“Pelléas et Mélisande”
“La Double Inconstance”

“Into the Woods”

Royal Exchange Theatre, Manchester • 10.1.16 à 14h30
Musique et lyrics : Stephen Sondheim (1987). Livret : James Lapine.

Mise en scène : Matthew Xia. Direction musicale : Sean Green. Avec Alex Gaumond (Baker), Amy Ellen Richardson (Baker’s Wife), Melissa Bayern (Witch), Francesca Zoutewelle (Cinderella), Michael Peavoy (Wolf / Cinderella’s Prince), Natasha Cottriall (Little Red Ridinghood), David Moorst (Jack), Claire Brown (Jack’s Mother), Isabelle Peters (Rapunzel), Marc Elliott (Rapunzel’s Prince), Gemma Page (Cinderella’s Stepmother / Grandmother), Maimuna Memon (Florinda), Michaela Bennison (Lucinda), Amelia Cavallo (Cinderella’s Mother), Cameron Blakely (Narrator / Mysterious Man), Michael O’Connor (Steward), …

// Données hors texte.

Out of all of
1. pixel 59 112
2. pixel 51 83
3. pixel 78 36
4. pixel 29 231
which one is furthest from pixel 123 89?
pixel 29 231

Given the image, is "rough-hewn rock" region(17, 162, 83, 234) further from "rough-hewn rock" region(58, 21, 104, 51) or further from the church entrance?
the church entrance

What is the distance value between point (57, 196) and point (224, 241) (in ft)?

IntothewoodsLe Royal Exchange Theatre est un lieu bien curieux, installé sous la coupole de ce qui était une bourse aux matières premières. À l’intérieur d’une sorte de bulle, des gradins circulaires délimitent un espace vers lequel tous les regards peuvent converger sans effort. Les huit portes (sans compter les balcons) fournissent autant de possibilités pour les entrées et sorties des comédiens, une configuration particulièrement idéale pour une pièce comme Into the Woods, dans laquelle les personnages se croisent et se recroisent sans cesse au gré de leurs aventures sylvestres. Les cloisons translucides permettent d’apercevoir les comédiens même après qu’ils ont quitté le théâtre, ce qui accentue le sentiment d’immersion.

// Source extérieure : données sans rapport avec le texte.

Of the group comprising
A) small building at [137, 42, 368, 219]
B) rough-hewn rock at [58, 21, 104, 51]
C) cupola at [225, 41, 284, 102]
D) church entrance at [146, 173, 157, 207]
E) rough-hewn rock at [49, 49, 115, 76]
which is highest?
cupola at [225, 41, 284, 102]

Dans cet espace envoûtant, la mise en scène de Matthew Xia est exemplaire à bien des égards : attention aiguë au texte, joli sens de l’humour, fulgurances visuelles, …, le tout servi par une distribution de très bon niveau au sein de laquelle on retrouve avec plaisir Alex Gaumond, l’excellent Adam du Seven Brides For Seven Brothers d’août dernier. Malgré des costumes d’inspiration largement contemporaine qui proposent une imagerie différente et très réussie, l’ambiance de conte de fées subsiste sans difficulté. Le décor, minimal, consiste essentiellement en trois arbres dont les troncs télescopiques sortent du plancher tandis que leurs branches descendent des cintres : c’est simple et beau à la fois.

Le soin apporté à l’interprétation musicale est également remarquable. L’émotion monte naturellement au cours de la représentation et culmine de manière irrésistible lors du dénouement  déchirant. Du théâtre de très grande qualité.